Coolies were made use of in the United States, on the Sugar Islands, in Peru, in Hawaii, in European Colonies in Southeast Asia, and in Australia. Most of them were recruited in China, India, and Malaya, but some of them also in Africa. Conditions varied in the different states and colonies, but some recurred in most coolie contracts. Officially, coolies were free to return to their home country at the end of their contract, but even if they would have been able to find a ship and pay their fare, many were tricked and forced into the renewal of their contract. In the early phases of the trade in coolies, these laborers often found themselves on plantations or in sugar mills whose owners and overseers were accustomed to slavery and saw no reason to change their manner of commanding labor. The hypothetical ability to leave their job at the end of a contract did not improve the working and living conditions of coolies while the contract lasted. From the 1860s onward, governments in the home countries tried to forbid or at least to control the trade, and some governments in receiving countries, especially in the West Indies, set up commissions to look into the realities of contract labor. The most important incentive to do so seems to have come from free wage-laborers in these countries, among them those former coolies who – for whatever reason – had not returned home after the end of their contract. They protested against the fact that the very low pay of coolies endangered their own demand for better wages. At the end of the 19th and in the first decades of the 20th century there were many places in world capitalism where unbiased observers were at a loss to detect differences between slavery and contract labor. Often coolies were forced to live at their place of work, and not only the managers of the tea-gardens in Assam but also those of tobacco plantations at the Eastern Coast of Sumatra tried to prevent the flight of their labor force by guarding them with fences, dogs, and armed watch personnel. Of the 85,000 coolies who had arrived in the modern hell of tobacco plantations in Sumatra in 1866, 35,000 had already died three years later. In 1873 planters in this colony were granted penal jurisdiction over their labor force.24
It was around that time that free wage labor had, indeed, become prevalent in the metropolitan core states of capitalism. This notwithstanding, employers could and still did make use of the state in order to prevent collective bargaining. More often than not armed forces were employed in order to prevent or break up a strike, and activists were regularly sentenced to stints in prison.
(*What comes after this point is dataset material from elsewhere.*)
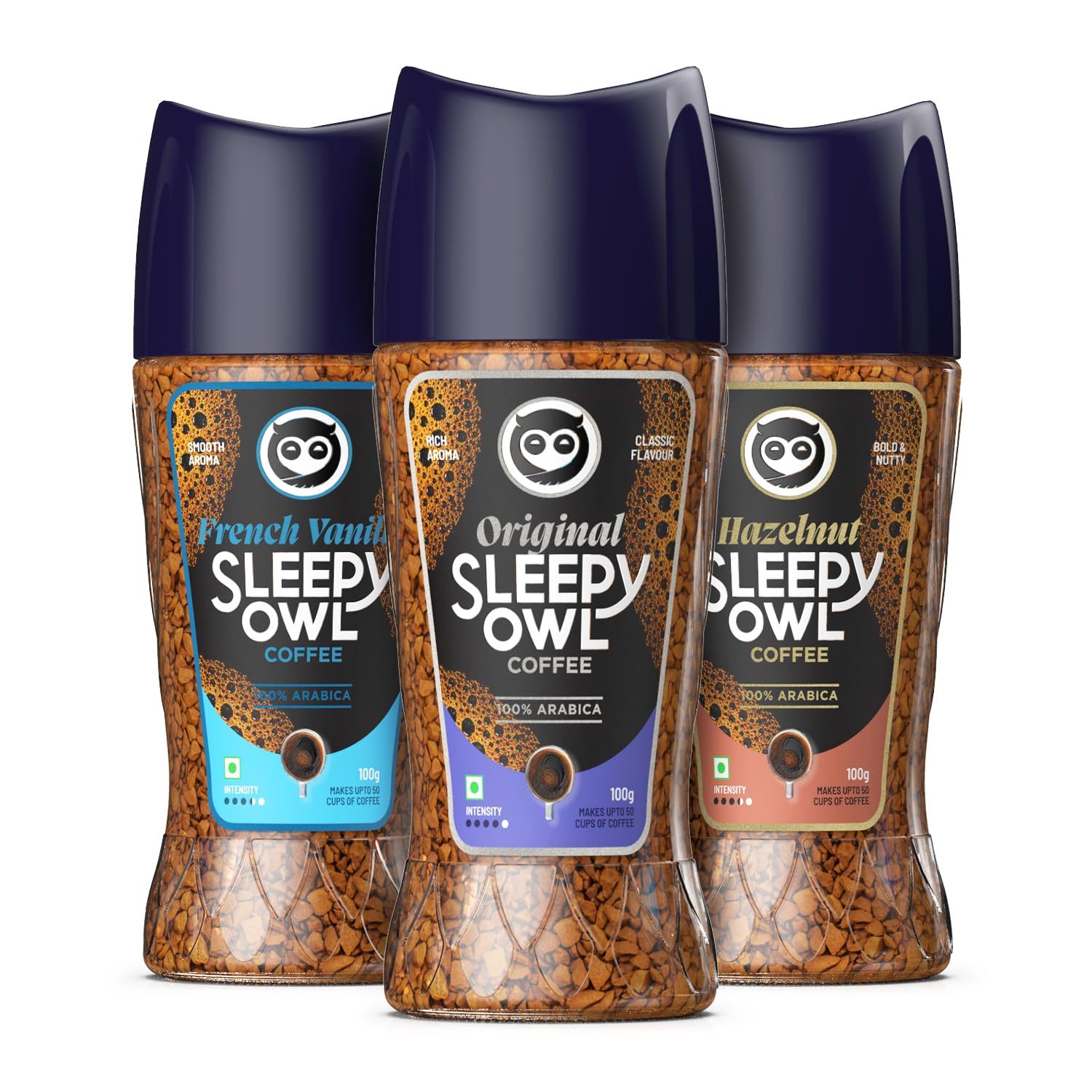 Sleepy Owl Instant Coffee Powder Pack of 3 | Premium Combo – Original, Hazelnut, French Vanilla | 100% Arabica Beans | Delicious Assorted Flavours | Ready in Seconds | Makes 150 cups | 100gm Each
It was only in the first decades of the 20th century that capitalism in the core metropolitan capitalist states started to become domesticated.25 While most authors take the development of social policy as having been vital for the transformations of capitalism, “domestication” focuses on the institutionalization of class conflict. This is most evident in the neutrality of state penal institutions in the face of strikes.
One might be tempted, and many Marxists have given in to this temptation, to describe these developments as the workings of tendencies inherent in capitalism, the most important aspect of this tendency being the fact that direct violence was no longer used as threat against the health and the life of workers, in order to make them subservient to exploitation. That this argument – as well as the philosophy of history from which it has been deduced – cannot be upheld in the face of the concrete historical functioning of capitalism has been brutally made obvious by the labor regime of National Socialism. Not only were strikes outlawed and trade unions dissolved, with their activists among the first to be imprisoned in concentration camps, but from the late 1930s onwards, millions of men, women and even children were forced to labor under severe conditions in the “Reich.” Their capacity to labor was used in private households, on farms and on ships, in institutions of the church and in factories.
And it was especially in factories that German employers disproved the conviction that forced labor cannot be used in modern industry. In spite of the fact that in some firms in the armament industry more than thirty and sometimes even more than sixty percent of the work force consisted of forced labor,26 the output of these firms grew threefold between 1942 and 1944.27 This growth was not halted when the German government decided to make available for private exploitation not only so-called “civilian” laborers from occupied countries, as well as prisoners of war, but also prisoners of concentration camps. All of these were delivered upon the request of private firms. Since forced labor had already been widely used since 1939, the application for prisoners of concentration camps seems to have been considered as falling into the range of normal management strategies. Some processes of production were adapted to these changes of the work force, for example by reducing the level of mechanization or by introducing production lines.28
The offer of concentration camp prisoners for private exploitation was motivated by the intention of the SS to further its political influence;29 it was not the result of political intentions to integrate economic rationality into the machinery of terrorism and destruction. Racism remained the guiding principle of strategy. It was, therefore, only in mid-1944 that the physical destruction of Jews was “postponed,” in order to reduce the scarcity of labor in the armament industry.30 While the percentage of forced labor, including prisoners of war, was very high in Germany during the Second World War, the percentage of concentration camp prisoners in the whole German workforce never amounted to more than 3%. Every one of their number was denied existence as an individual human being by being reduced to a number and a creature whose physical existence was permanently endangered.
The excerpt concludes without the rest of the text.